─── Data extracts ───

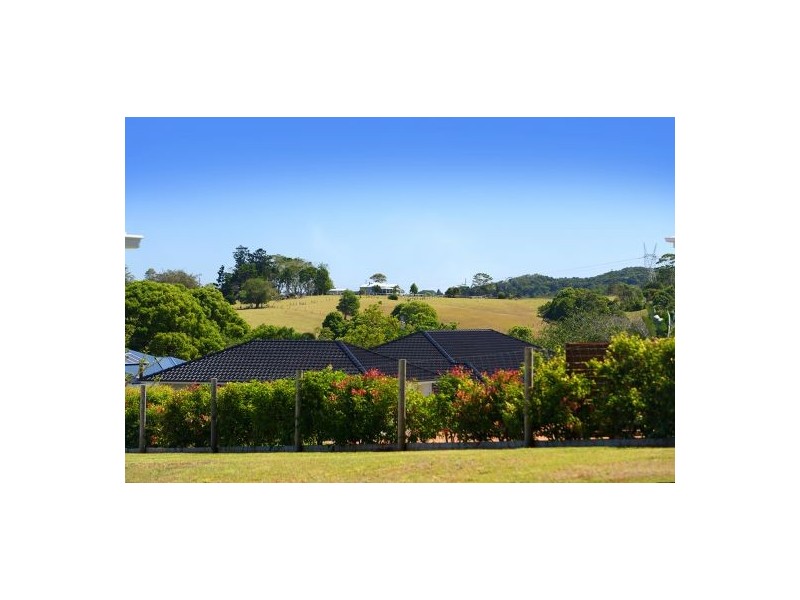15 Water Gum Crescent, Maleny QLD 4552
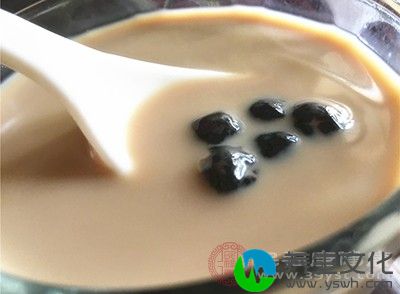 目前市面的珍珠奶茶多是用奶精、色素、香精和木薯粉(指奶茶中的珍珠)及自来水制成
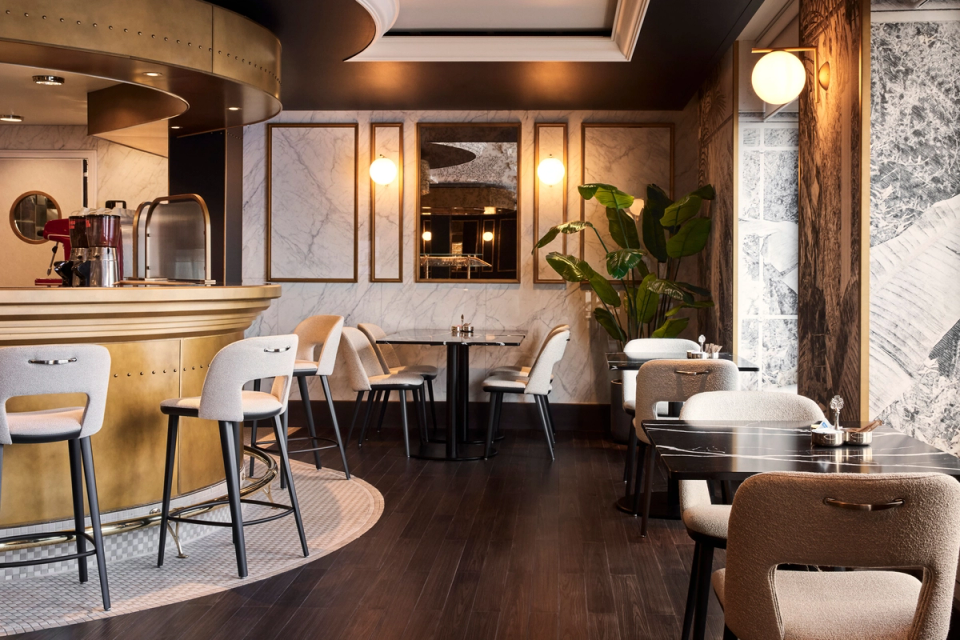 THE BISTRO, CRYSTAL SYMPHONY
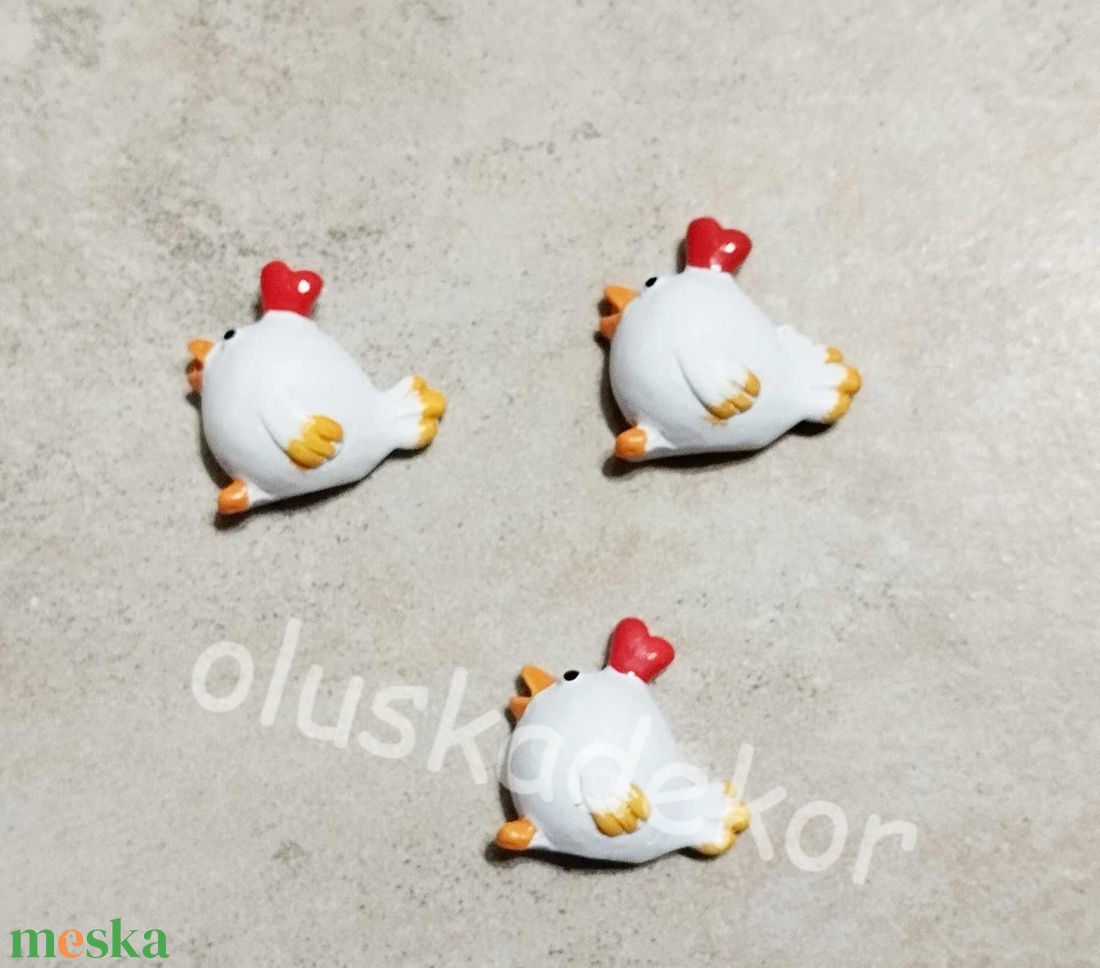 Béka, dagadt madár - tyúk, öntapadós 3,5cm - kellékek & szerszámok - dekorációs kellékek - figurák - Meska.hu Béka, dagadt madár - tyúk, öntapadós 3,5cm - kellékek & szerszámok - dekorációs kellékek - figurák - Meska.hu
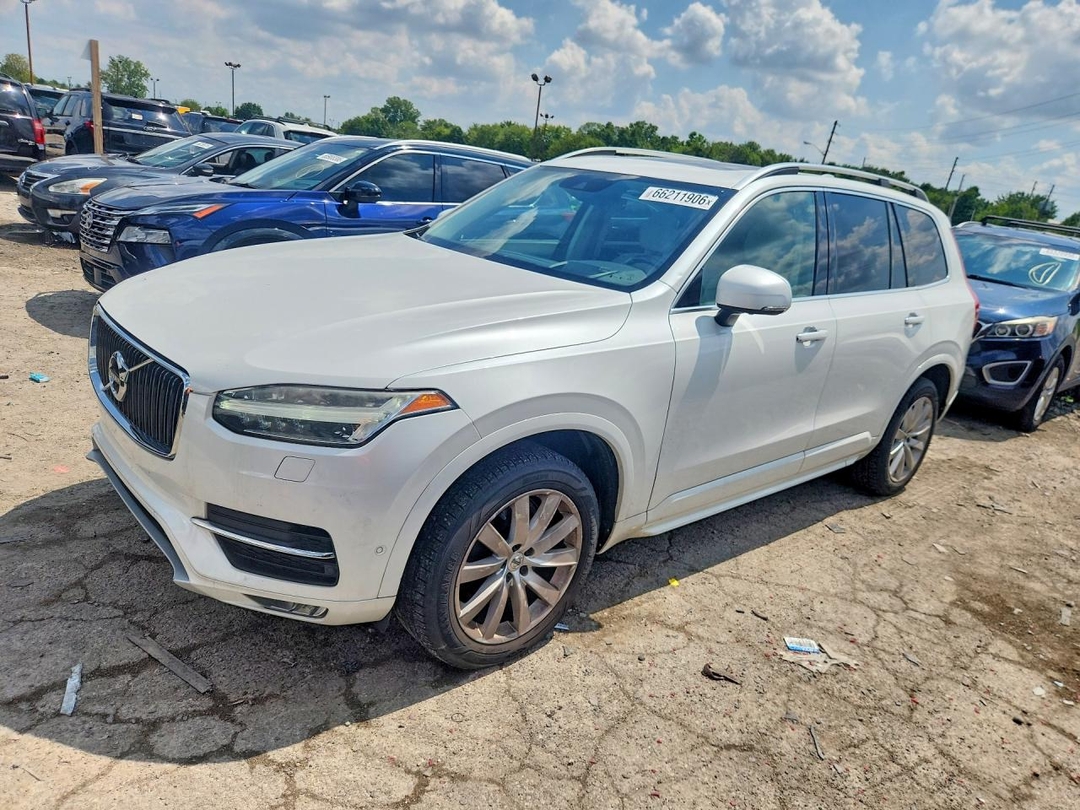 Vue de 2016 VOLVO XC90 T6, angle 1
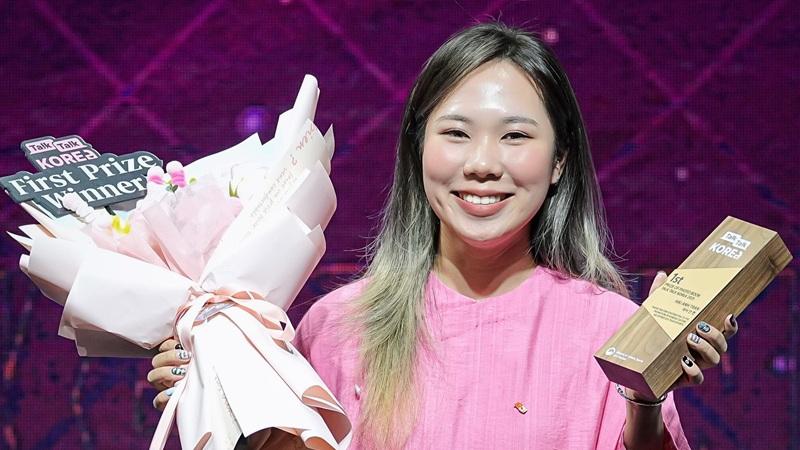 Potret Tran Hai Anh saat menerima penghargaan di K-Wave Festival pada tanggal 08 November 2025 sebagai pemenang kompetisi Talk Talk Korea 2025 untuk kategori photo book. 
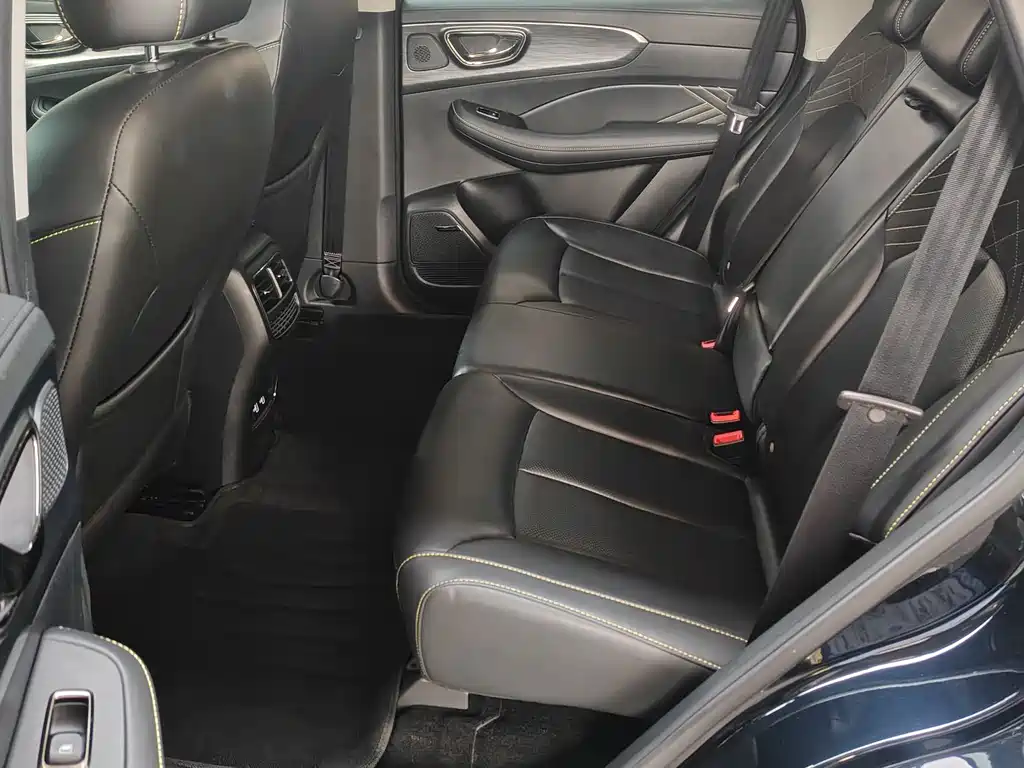 Roewe RX5 2023 — фото 12
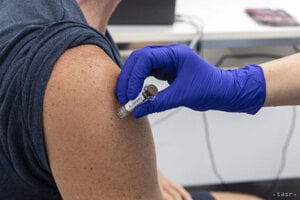 Nová vakcína poskytuje zvýšenú ochranu proti aktuálne najrozšírenejšiemu variantu koronavírusu.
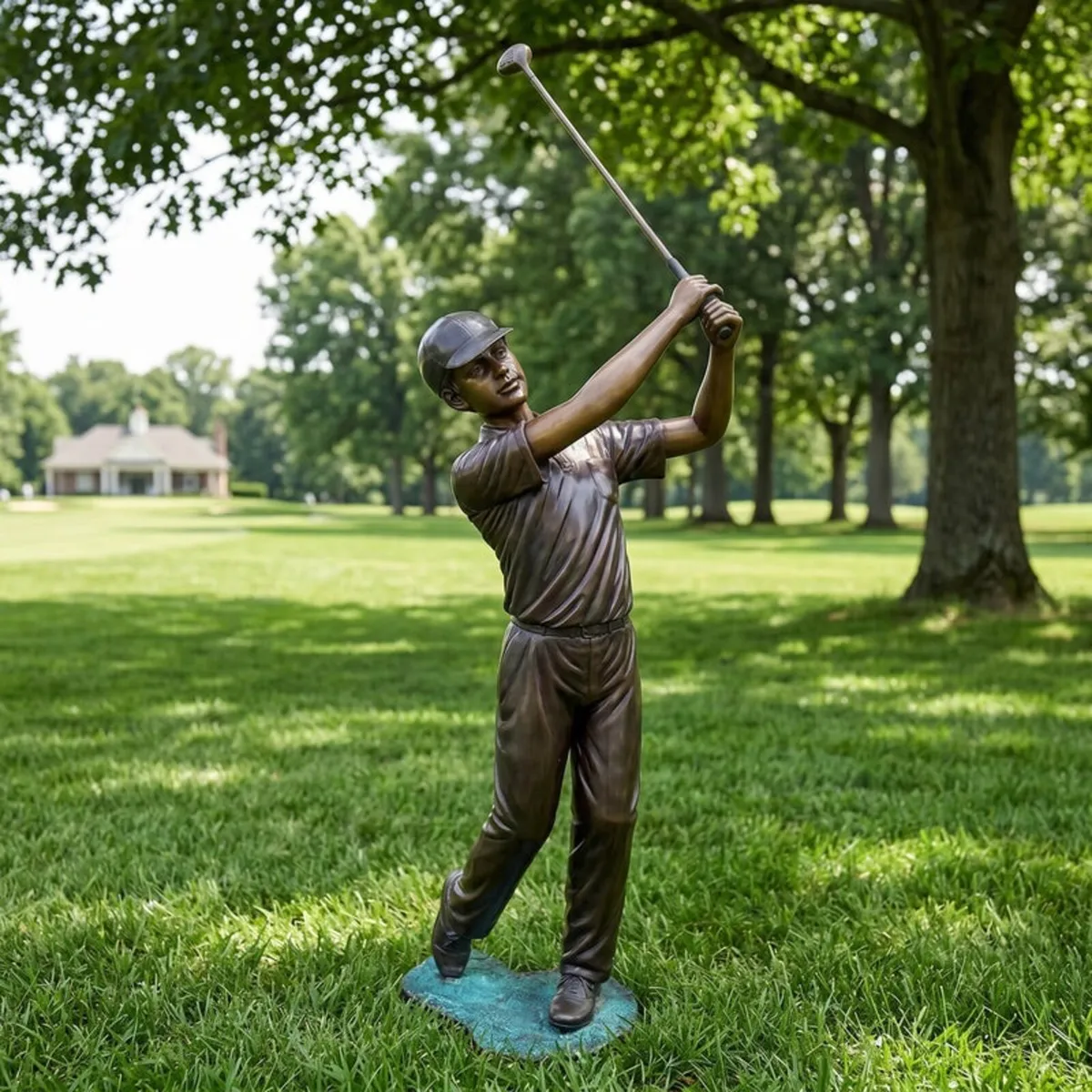 Bronze golfer sculpture - Image 2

───

The task → Beginning at the line that contains "Roewe RX5 2023 — фото 12", transcribe it and every later line through the last line of the data above, exactly, and drop the pictures.

Answer box →
 Roewe RX5 2023 — фото 12
 Nová vakcína poskytuje zvýšenú ochranu proti aktuálne najrozšírenejšiemu variantu koronavírusu.
 Bronze golfer sculpture - Image 2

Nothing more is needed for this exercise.